» ASSIGNED TASK
Reproduce every entry word for word. Drop all pictures from the copy.

[Short web captions]
※ ※ ※
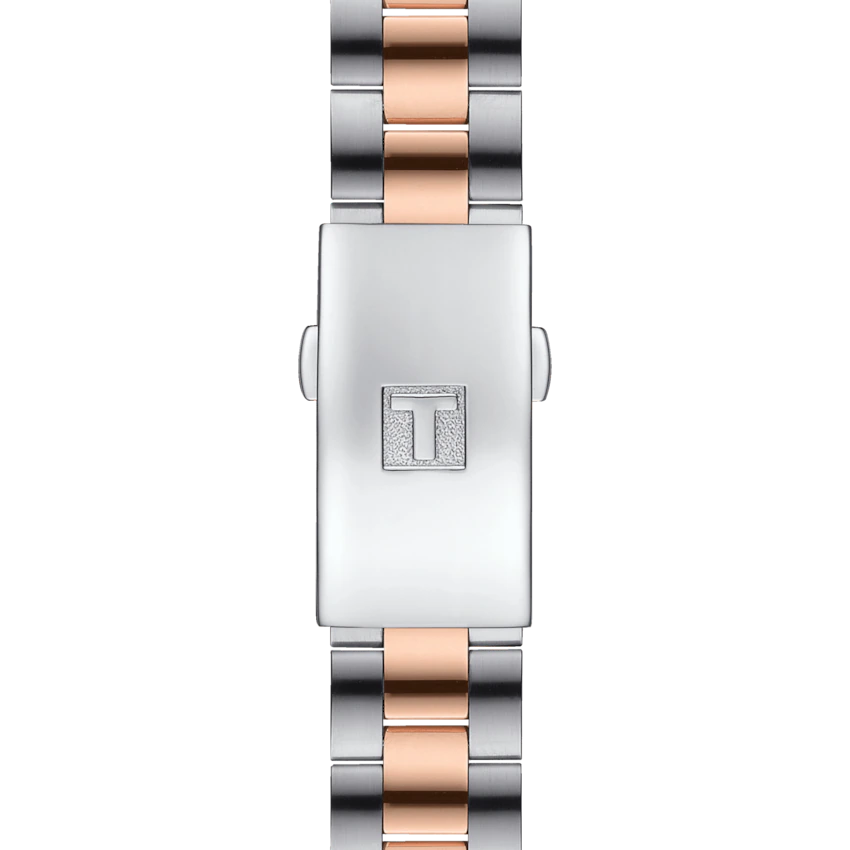 TISSOT PR 100 SPORT CHIC T101.910.22.116.00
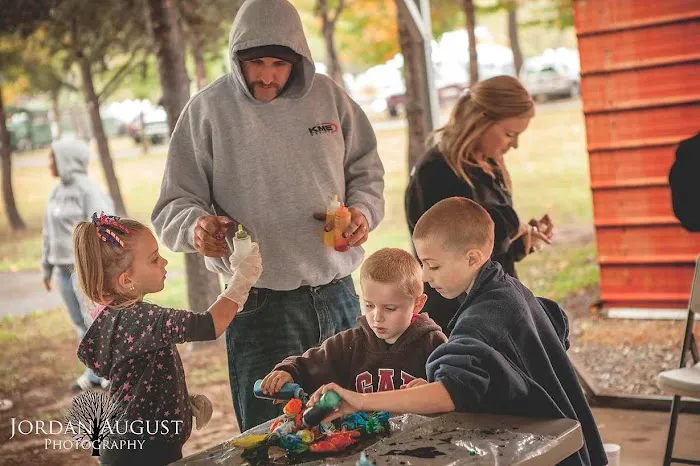 Sleepy Creek Family Campground Picture 1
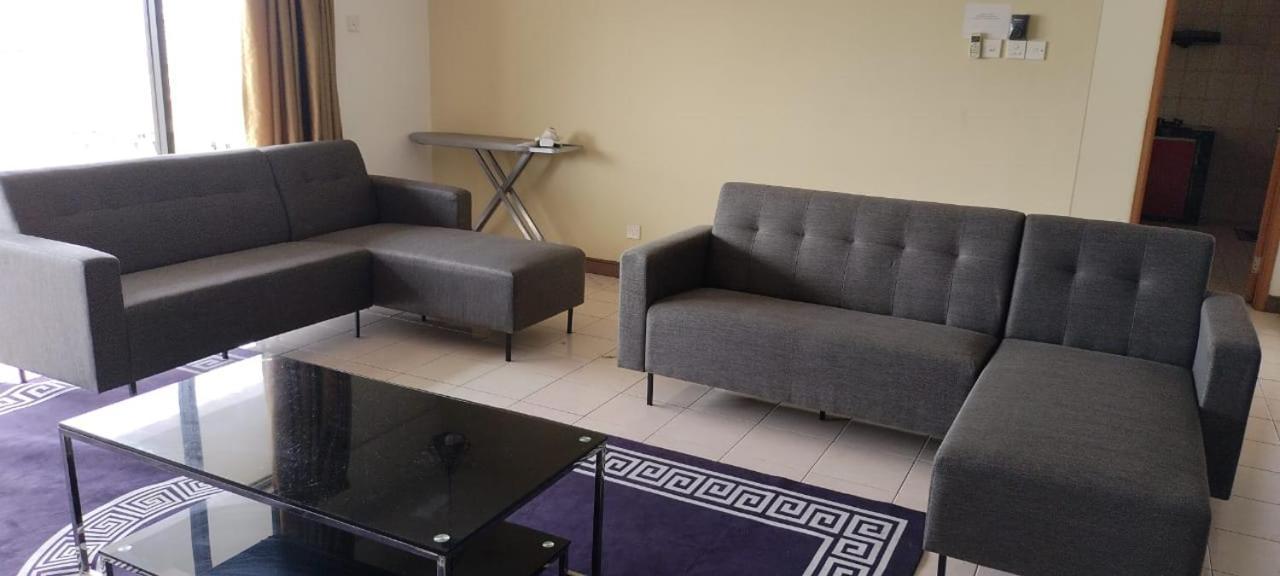 Marina Court Resort Kota Kinabalu-Stay And Get Cash Rebate Eksteriør billede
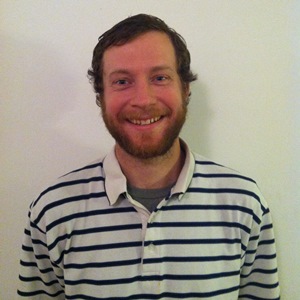 Photograph of Hugo Van Dyke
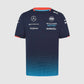 [ Pre-Order ] Williams Racing 2024 Team Shirt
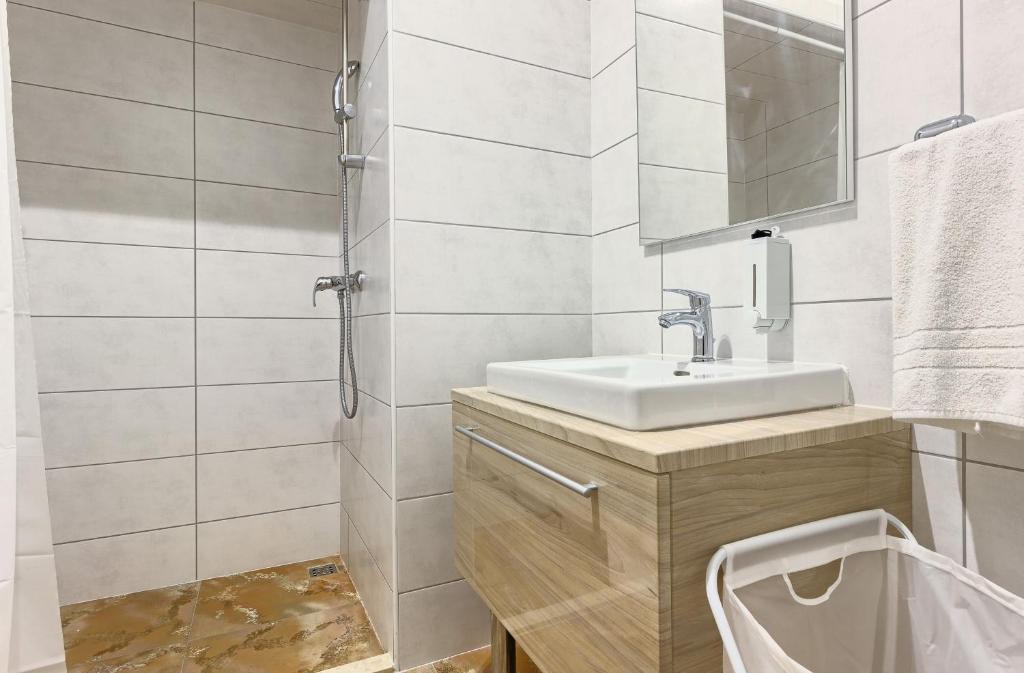 Fotografia z galérie ubytovania Rooms with WiFi Split - 12373 v Splite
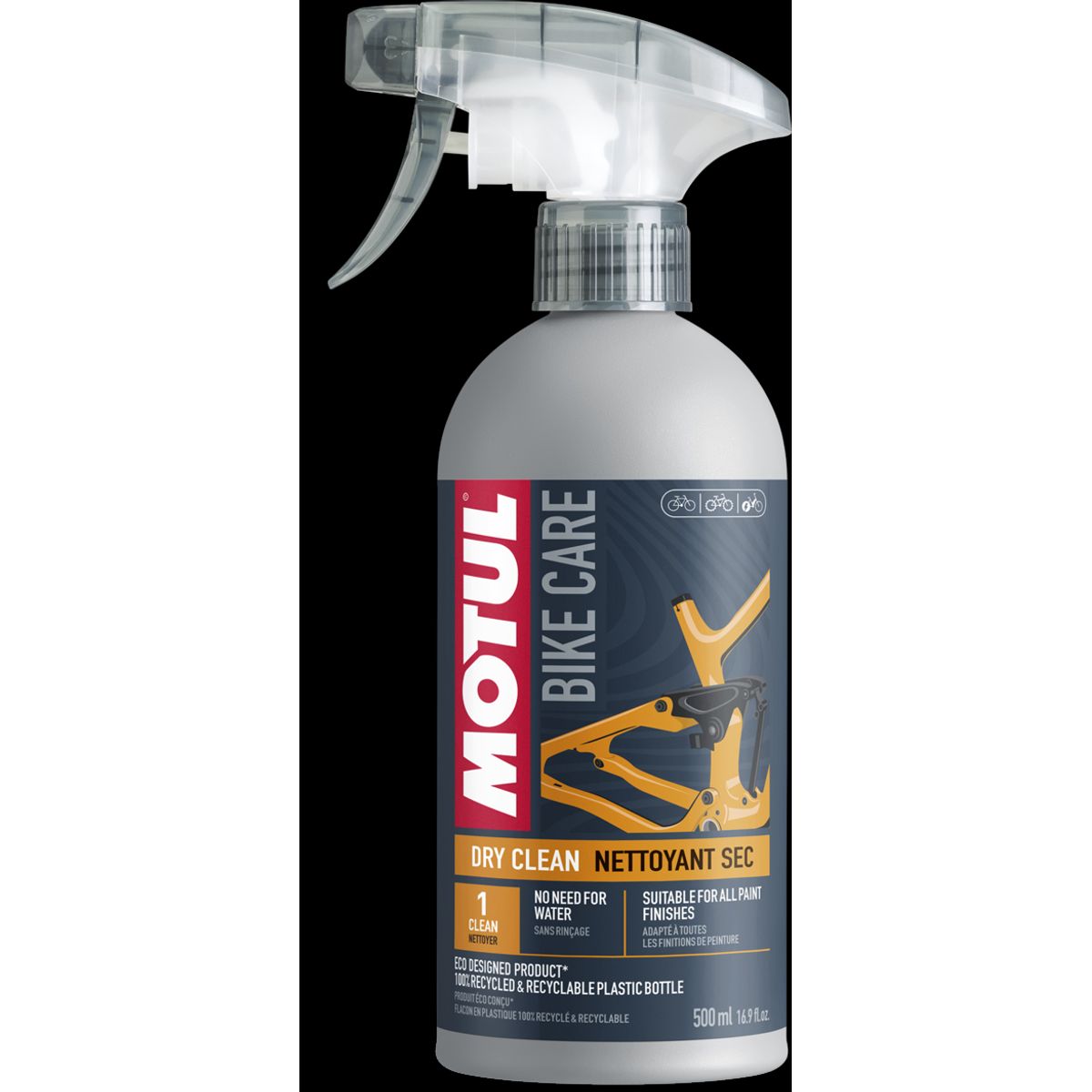 Motul Frame Clean DRY - 500ml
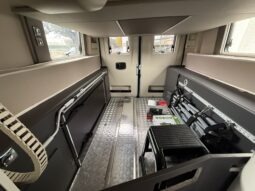 Mobilvetta Admiral K 6.5 pieno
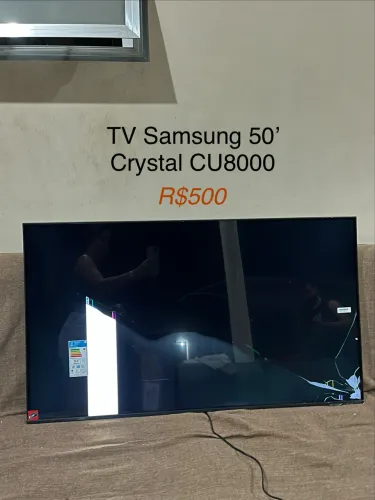 TV?s Sansung / Philips (com avarias)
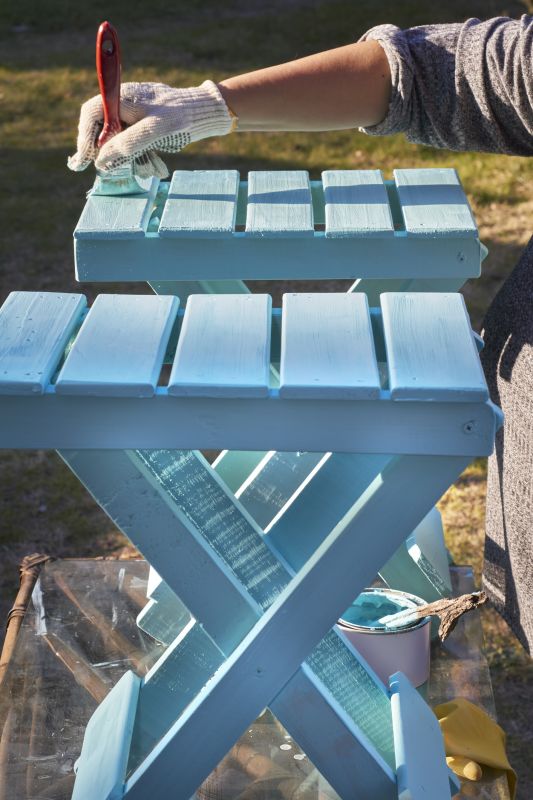 Outdoor Painting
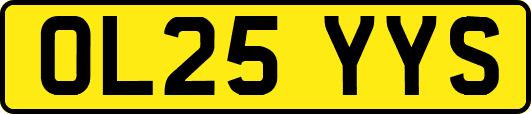OL25YYS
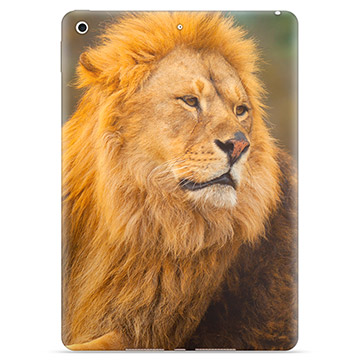 iPad Air 2 TPU-deksel - Løve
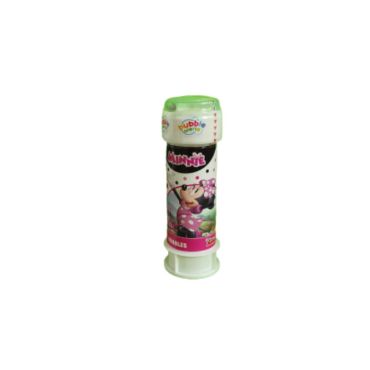 bulles de savon avec jeu de patience 60 ml minnie | jourdefete.com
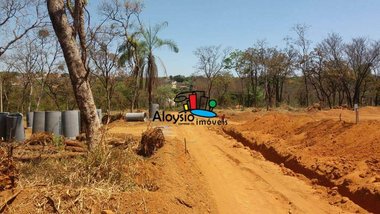 land_lot em Rua Benedito Valadares, Centro - Sete Lagoas - MG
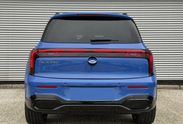 Mercedes GLB 250+ AMG Line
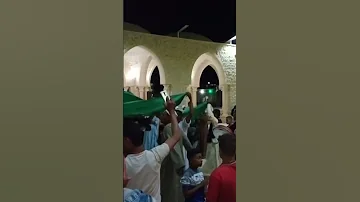 يا شاذلي ابو الحسن مصر ﷺ 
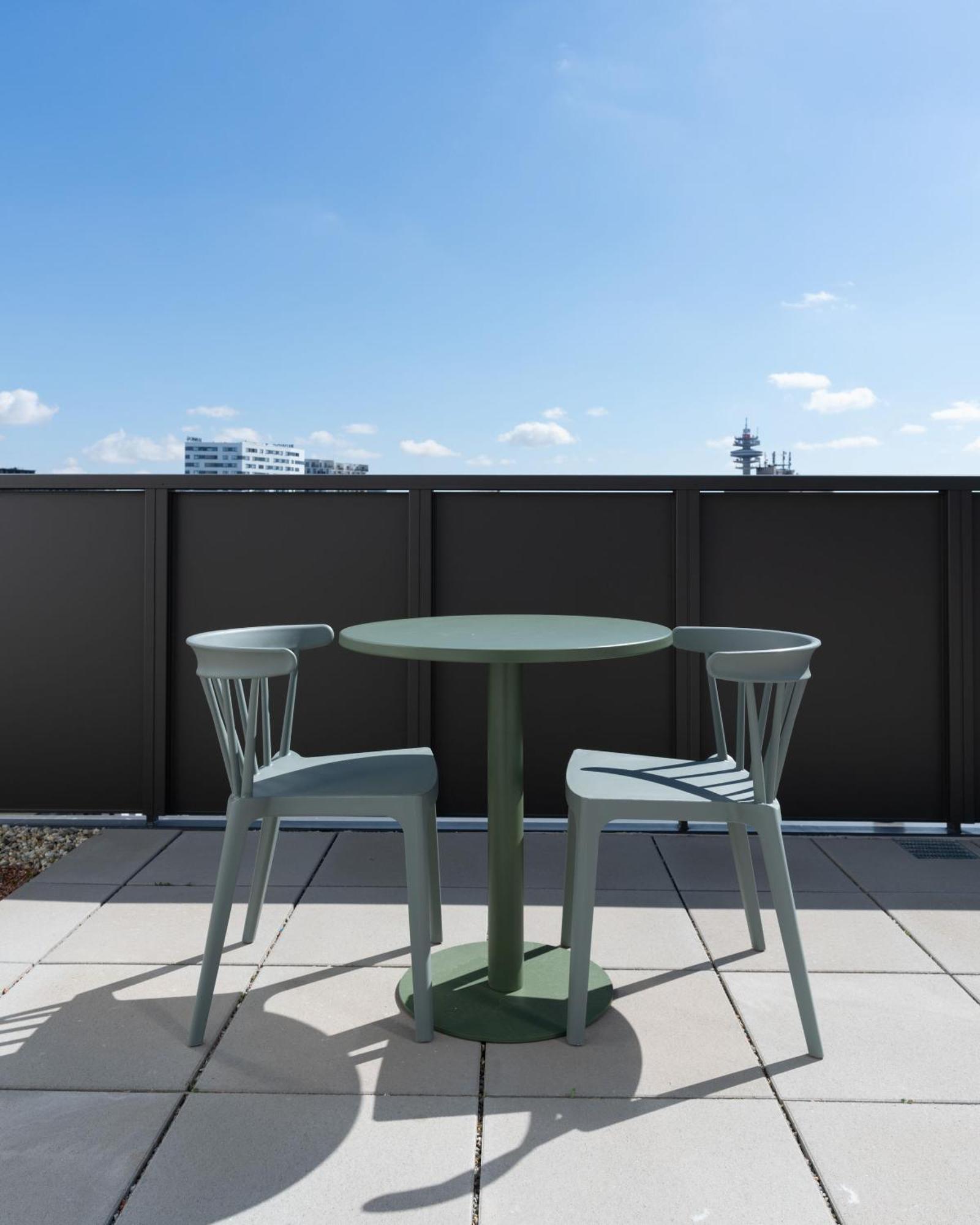 Limehome Vienna Favoritenstr. 客房 照片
※ ※ ※
» TASK RESULT
 TISSOT PR 100 SPORT CHIC T101.910.22.116.00
 Sleepy Creek Family Campground Picture 1
 Marina Court Resort Kota Kinabalu-Stay And Get Cash Rebate Eksteriør billede
 Photograph of Hugo Van Dyke
 [ Pre-Order ] Williams Racing 2024 Team Shirt
 Fotografia z galérie ubytovania Rooms with WiFi Split - 12373 v Splite
 Motul Frame Clean DRY - 500ml
 Mobilvetta Admiral K 6.5 pieno
 TV?s Sansung / Philips (com avarias)
 Outdoor Painting
OL25YYS
 iPad Air 2 TPU-deksel - Løve
 bulles de savon avec jeu de patience 60 ml minnie | jourdefete.com
 land_lot em Rua Benedito Valadares, Centro - Sete Lagoas - MG
 Mercedes GLB 250+ AMG Line
 يا شاذلي ابو الحسن مصر ﷺ 
 Limehome Vienna Favoritenstr. 客房 照片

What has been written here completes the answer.